Saturday night, we completed our run through the lives of tortured artists with another HBO film The Girl, also about Hitchcock and his creepy preoccupation with icy blonde actresses. This movie was the best of the lot.

Toby Jones, who also found himself a few years back at the short end (no pun intended) of two competing biopics (Truman Capote), is incredible as Hitchcock. His Hitch is deeply haunted by a point of view and a physical appearance that puts him at odds perpetually with Hollywood glamor. And Sienna Miller achieves the impossible by making actress Tippi Hedren … well … interesting.

The Girl paints a compelling portrait of a man – Hitchcock – who attempts to make sense of his aversion to humanity and his self-loathing by playing puppet master over the beautiful people surrounding him. Also, this one does the best job of depicting the technical and artistic challenges of the creative process, offering great behind-the-scenes info on the making of both The Birds and Marnie.

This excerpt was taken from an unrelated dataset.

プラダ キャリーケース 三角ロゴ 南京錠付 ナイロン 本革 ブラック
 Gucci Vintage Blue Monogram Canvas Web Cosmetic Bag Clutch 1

All three films – Phil Spector, Hitchcock, and The Girl taken collectively – leave the viewer with revulsion for yet admiration of the creative genius. These men are “outsiders-forever-looking-in” whose contempt for humanity’s follies and foibles provide them immense gifts to enrich the lives and culture of that self-same humanity, yet leaving the artists themselves forever unfulfilled and broken.